从现实条件看,该地区当时比较荒凉,各级政权辖区宽广,村落散布,中共基层干部人员不足。这一客观限定导致了两方面的结果,一是个别干部在工作中求快、求速,急于求成。比如富裕县有个干部到一个未经动员的自然屯“几个小时就将地分完了”;林甸县“用地方新起来的积极分子组织红旗队”“到一个村将地主的土地一分就走”[6]180。二是各省为迅速开展工作不得不就地大量选拔、培养新干部。如上所述,大多数农民没有“阶级意识”也没有“斗争意愿”,积极参与运动的人员一般有两类,一类是出于私人恩怨或私人利益驱动。比如,最先向地主发难的常常是其穷亲戚,庆安县后宫村“宫家穷哥们到宫家把了门先缴了地主的洋炮找地主算账”[8]5;大罗镇农会主任李化钧联合其另外两个兄弟一起要求“向长兄分家”,理由是“他发了财不认兄弟,致三个兄弟两个打短工一个剃头”[9]15。另一类是像阿Q一样无所事事的无业游民。

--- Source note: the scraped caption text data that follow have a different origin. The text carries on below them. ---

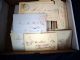 Image #1 of auction lot #446: 75 stampless letters all addressed to James Stout, postmaster of New H...
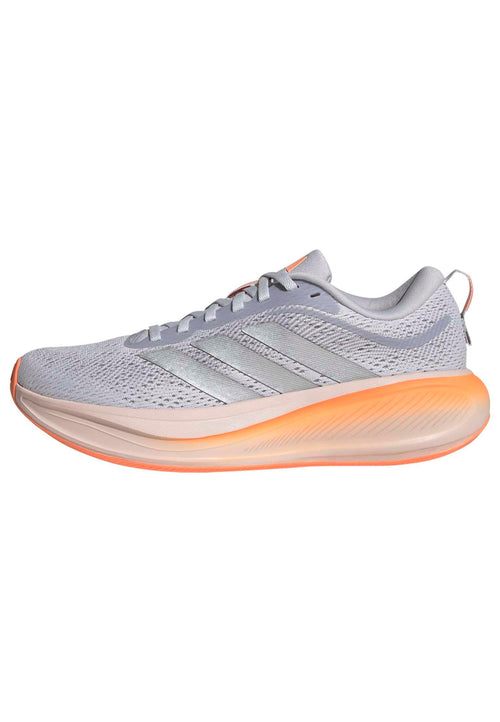 adidas Women's Response Pace Running, Dash Grey/Silver Metallic/Beam Orange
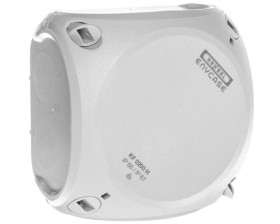 Puszka odgałęźna n/t bez zacisków 93x93x62mm szara IP66/67 KF 0200 H 62000081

有些地区农会花费巨大[6]69,农会领导成分多是“二流子”“油不登子”[9]69:

挑选积极分子,大部分以敢说敢为为标准,如果群众发动的好,则有好的生产农民敢出头,而其中也有流氓;如果群众酝酿的不好则出头者,绝大部分是流氓、半流氓……半流氓、流氓则是投机,将来必脱离群众[6]117。

这些新干部都是“穷苦”出身,大多数没受过正规教育,更没经受过革命斗争的长期洗礼,往往缺乏一个革命者应有的理想、信仰和道德自律。

官方的分析和对策

黑龙江地区也对“夹生饭”的产生原因做了分析,但在官方语境下,简单归结为“干部”和“群众”两个方面。认为在干部方面主要有两个问题,一是“干部思想模糊,立场不稳”,“在阶级斗争中,表现出对恶霸地主仇恨不够,看见农民打恶霸地主感到难过”,“作风包办代替,不民主,不走群众路线”[6]102-103;二是“部分干部脱离群众”[6]63“农会组织混乱”[9]61。在群众方面,则主要是“基本群众对地主恶霸仇恨心未形成”[6]63“阶级觉悟不够,撕破脸程度不彻底,对反动的大地主警惕不高”[6]59。中共官方认为“只有彻底破坏了封建秩序,才能建设革命的新秩序”[6]154,“消灭夹生饭”的标准是“彻底摧毁封建势力,一切果实到手”和“基本群众当权(基本群众占优势)”[6]157,并据此“放手”发动群众,“敢于让群众起来斗争”[6]103-104,“大造封建之反”[6]154,其主要措施如下:

一是通过“小诉苦会”“诉苦大会”“东村斗西村”等方式对新干部和农民进行精神上的“启发”和重塑。当时新干部和农民普遍“思想动摇”“害怕变天”,农民“对分到手的土地表示怀疑”“对土地表示不亲”“生产情绪不高”以至于“麦子丢在地里没人割”[9]61。干部则有点风吹草动就惶惶不可终日,有人因为做梦听说“中央军打到了哈尔滨”“醒来了一身大汗,从此工作消极”[6]43。中共组织上述活动,实际上是用“剥削”“压迫”“诉苦”“翻身”等“阶级斗争”的话语和逻辑逐渐打破和替代了农民对于“斗争”“分地”的心理障碍以及农村基层社会原有日常伦理和运行秩序。其中“东村斗西村”尤其有效。“东村农民常常是清算西村地主的主力”[6]30。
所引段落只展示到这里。